Models / Libraries / Frameworks

Effortlessly Scale NumPy from Laptops to Supercomputers with NVIDIA cuPyNumeric

A photo of two GPU clusters and another picture of four scientific computing workflows demonstrating computational fluid dynamics.

Python is the most common programming language for data science, machine learning, and numerical computing. It continues to grow in popularity among scientists and researchers. In the Python ecosystem, NumPy is the foundational Python library for performing array-based numerical computations. 

NumPy’s standard implementation operates on a single CPU core, with only a limited set of operations parallelized across cores. This single-threaded, CPU-only execution restricts both the scale of data that can be processed and the speed at which computations can be performed.  

While GPU-accelerated implementations of NumPy are available, scaling NumPy-based code across multiple GPUs or nodes often requires extensive code modification, including manual data partitioning and synchronization and data movement for distributed execution. Such code changes can be complicated and time-consuming to make functionally correct and performant. 

Also, domain scientists with little expertise in distributed programming often pair up or consult with computer science experts to get the changes done, which further slows down the process of experimenting and validating research.

To address this productivity issue, we built NVIDIA cuPyNumeric, an open source, distributed and accelerated implementation of the NumPy API, designed to be a drop-in replacement for NumPy. With cuPyNumeric, scientists, researchers, and those working with large-scale problems can develop and test NumPy programs on moderately sized datasets using laptops or desktops. They can then scale the same programs by themselves to massive datasets using supercomputers or the cloud with no code changes.

cuPyNumeric offers you the productivity of NumPy with the performance benefits of accelerated, distributed GPU computing. cuPyNumeric supports essential NumPy features, including in-place updates, broadcasting, and comprehensive indexing semantics.

cuPyNumeric: A drop-in replacement for NumPy

You can start using cuPyNumeric by importing cupynumeric instead of numpy in a NumPy program.

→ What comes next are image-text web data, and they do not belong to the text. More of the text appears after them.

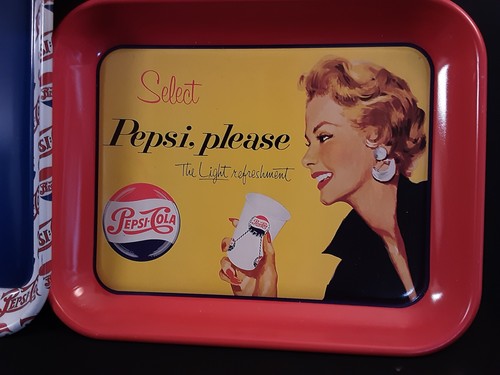 Lot Of 2 Pepsi Cola Metal Trays "Pinup Girl" & "Pepsi Please" - Picture 3 of 11
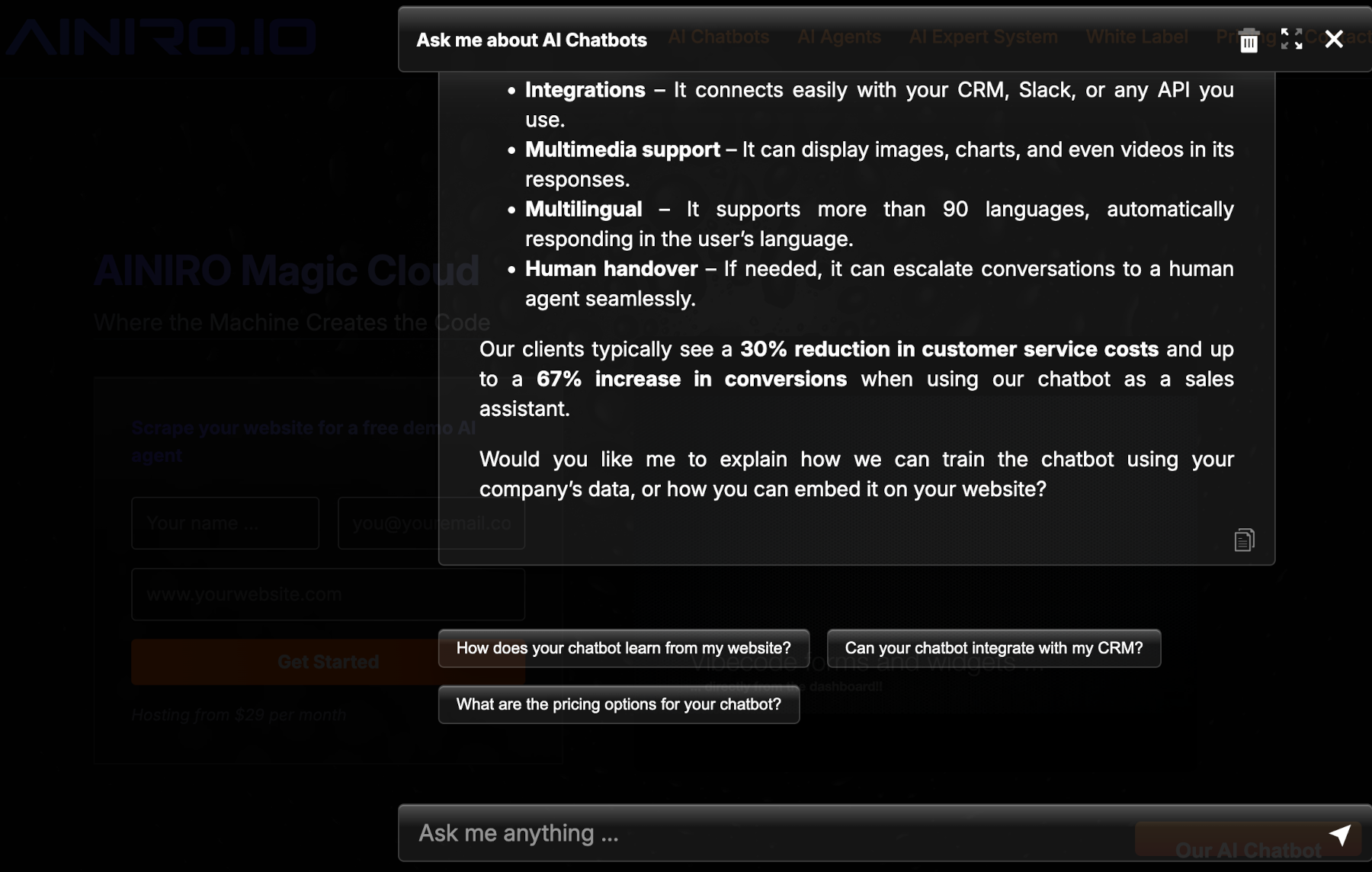 可嵌入的AI聊天机器人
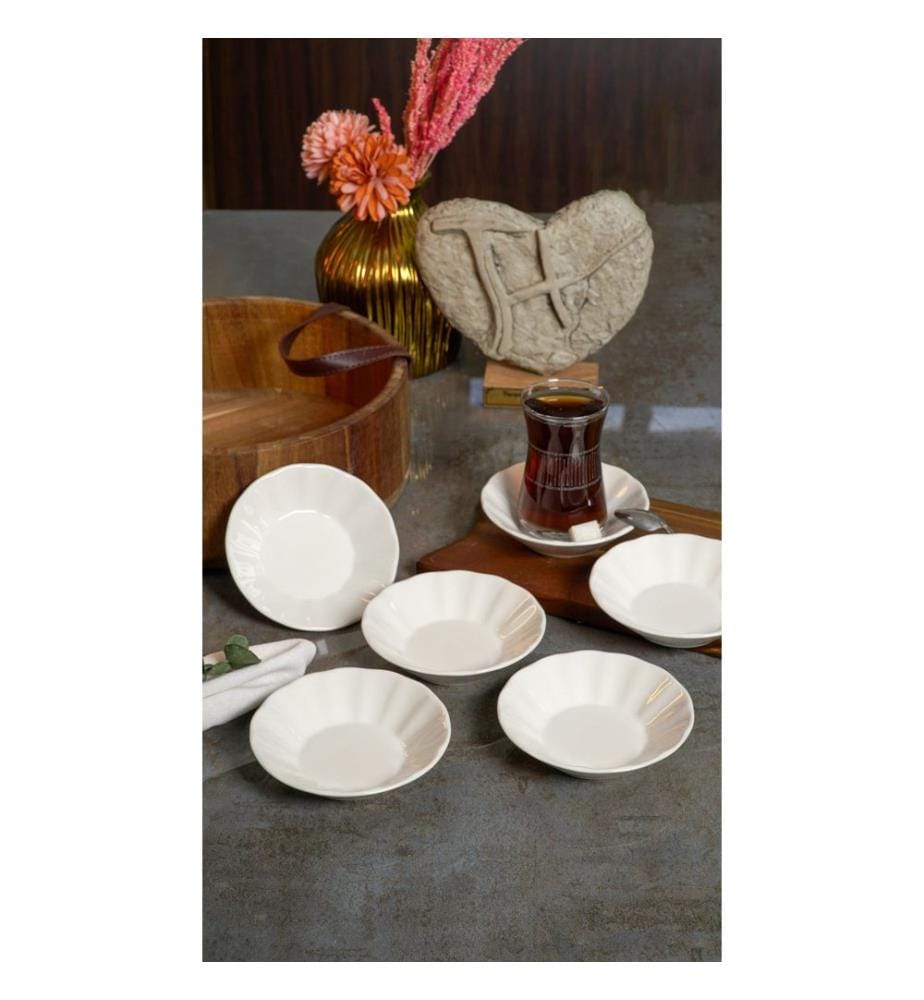 Service de 6 soucoupes, 100 % porcelaine, blanc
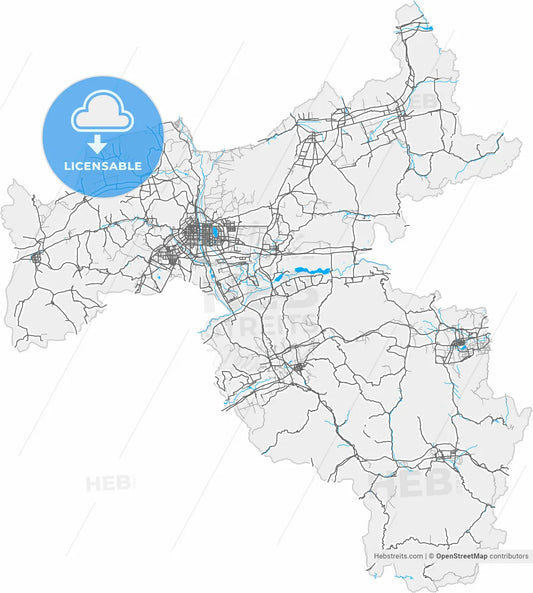 Datong, Shanxi, China, high resolution vector map - Instant download PDF and JPG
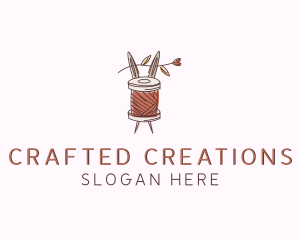 Flower Yarn Needle logo design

The following code example approximates PI using NumPy APIs:

# import numpy as np
import cupynumeric as np

num_points = 1000000000

# Generates random points in a square of area 4
x = np.random.uniform(-1, 1, size=num_points)
y = np.random.uniform(-1, 1, size=num_points)

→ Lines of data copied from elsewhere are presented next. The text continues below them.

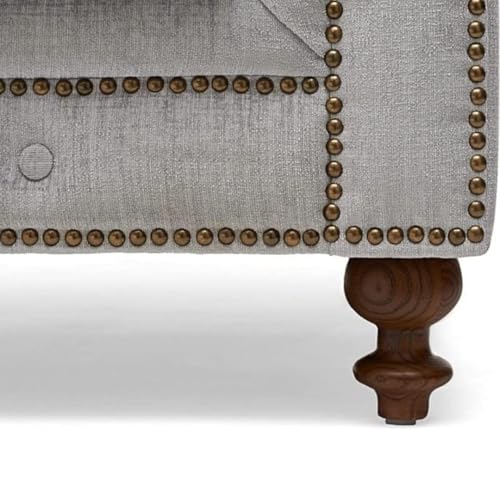 Image of Modern and Stylish 3 Seater Chesterfield Luxury Sofa with Valvet and Fabric Comfortable Sofa for Living Room, Dining Room, Hallway, and Office-(Light Grey).
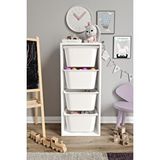 Baby Darling %100 Mdf - Large Mono 4 Büyük Sepetli Oyuncak Dolabı (largemono4sepet-4b-beyaz)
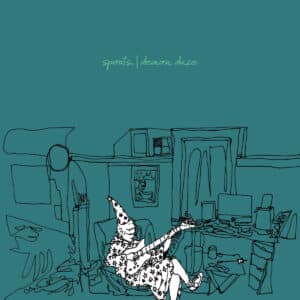 Album cover for sports Demon Daze featuring hand-drawn line art of a figure in a wizard hat playing guitar in a room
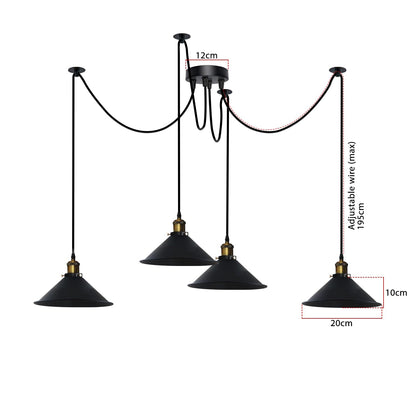 4-Arm Swag Pendant Light – Flat Cone Shades, 12 Colours, E27 - photo 2
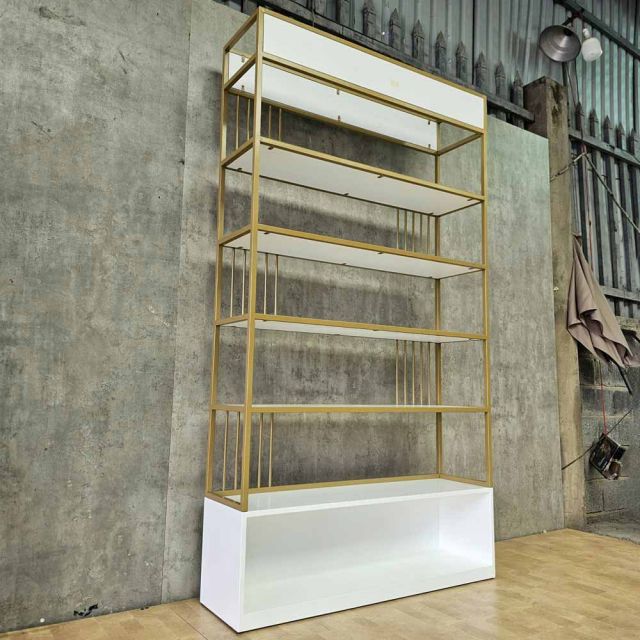Kệ trưng bày 120x32x215cm gỗ cao su khung sắt sơn tĩnh điện KTB68284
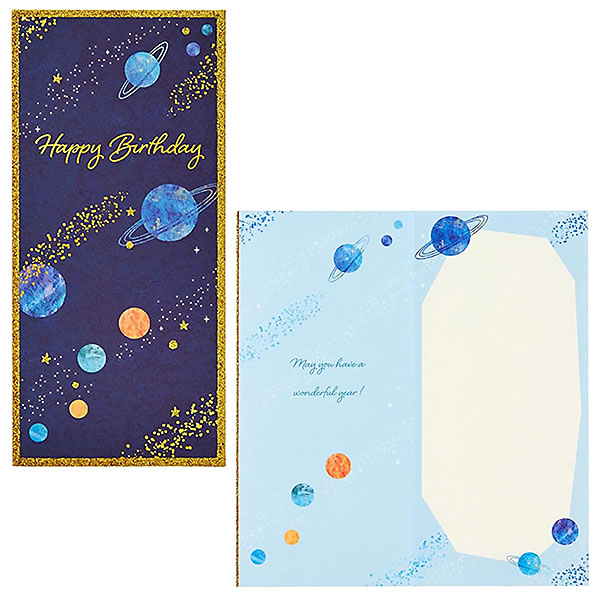 バースデーカード 二つ折りカード 宇宙 L1001 サンリオ Birthday Card グリーティングカード お誕生お祝い｜horiman｜02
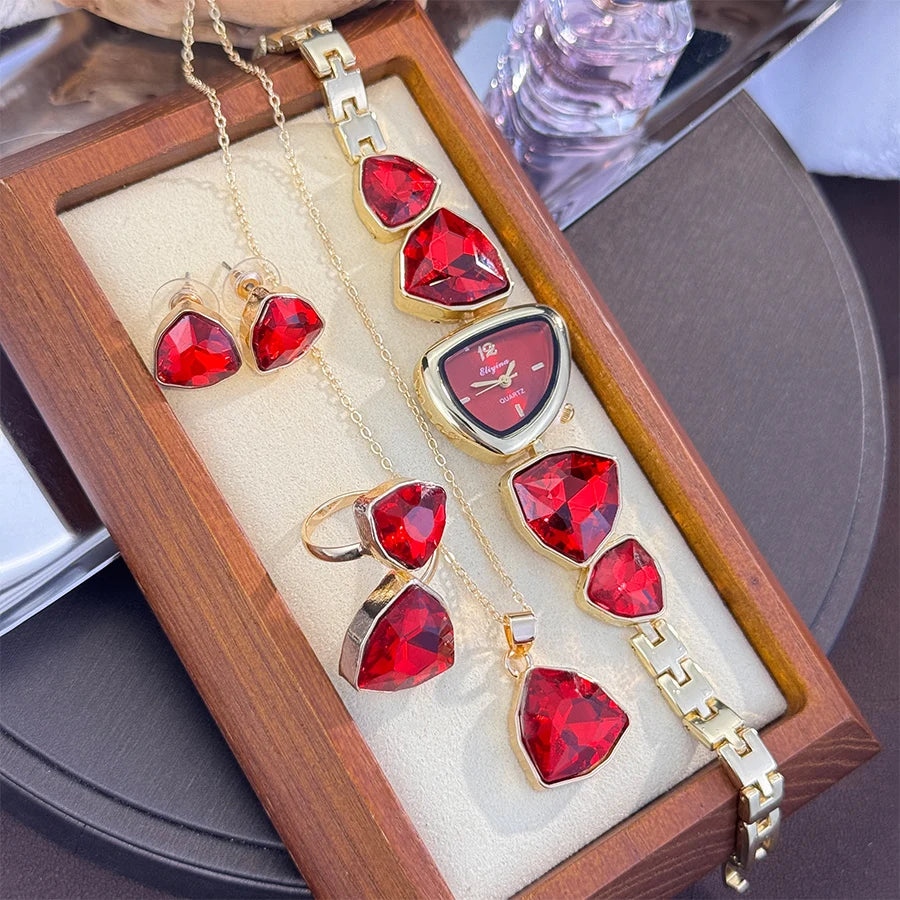 4-Piece Colourful Crystal Watch & Jewellery Set | Irregular Shape Quartz Watch, Necklace, Ring & Earrings
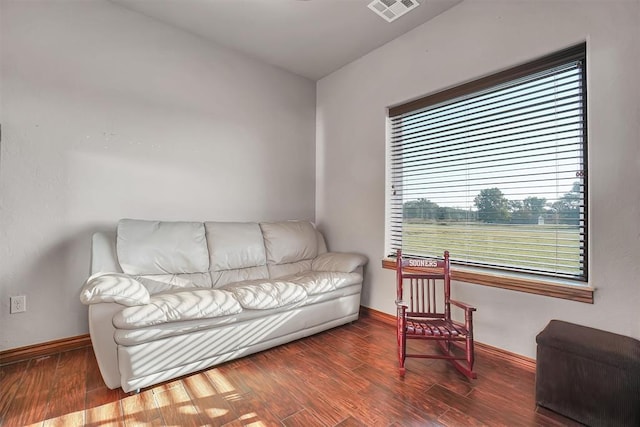 living room with hardwood / wood-style flooring and a healthy amount of sunlight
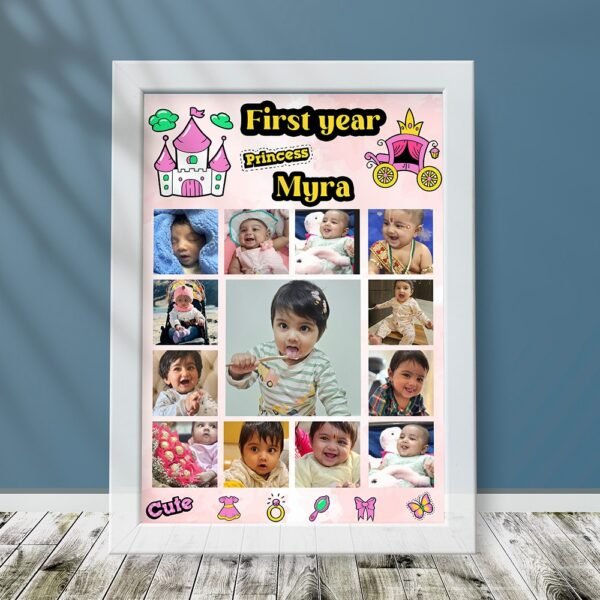 Baby 12 Months Collage Frame - Personalized Birthday Gift - Image 3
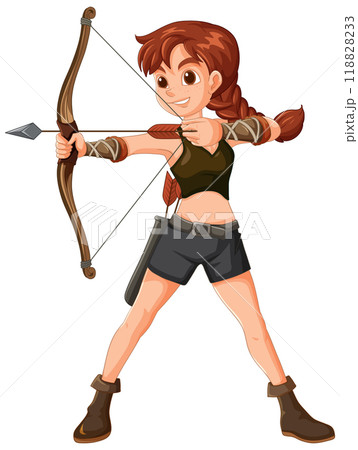Female Archer Ready to Shoot Female Archer Ready to Shoot 118828233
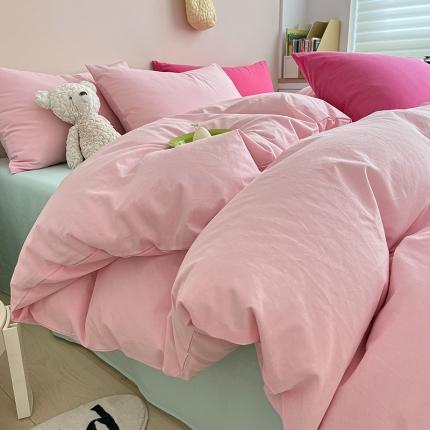 91家纺网 家纺一手货源 找家纺 寐居 2023新款双拼全棉水洗棉纯色四件套 ins风-樱花粉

# Calculates the probability of points falling in a circle of radius 1
probability_in_circle = np.sum((x ** 2 + y ** 2) < 1) / num_points

# probability_in_circle = (area of the circle) / (area of the square)

#   ==> PI = probability_in_circle * (area of the square)
print(f"PI is {probability_in_circle * 4}")

The program produces the following output whether it runs with cuPyNumeric or NumPy, although the exact value can be different across different runs:

PI is 3.141572908

With only a  simple change to the import statement, this code is now ready to scale to any machine: 

  • On laptops with no GPUs, the code is parallelized using available CPU cores. 
  • On a system with multiple GPUs, the same code runs a lot faster thanks to the acceleration with multiple GPUs. 
  • This code can even run on a supercomputer with no code modification, although the code doesn’t have enough computation to make the best use of such a powerful machine.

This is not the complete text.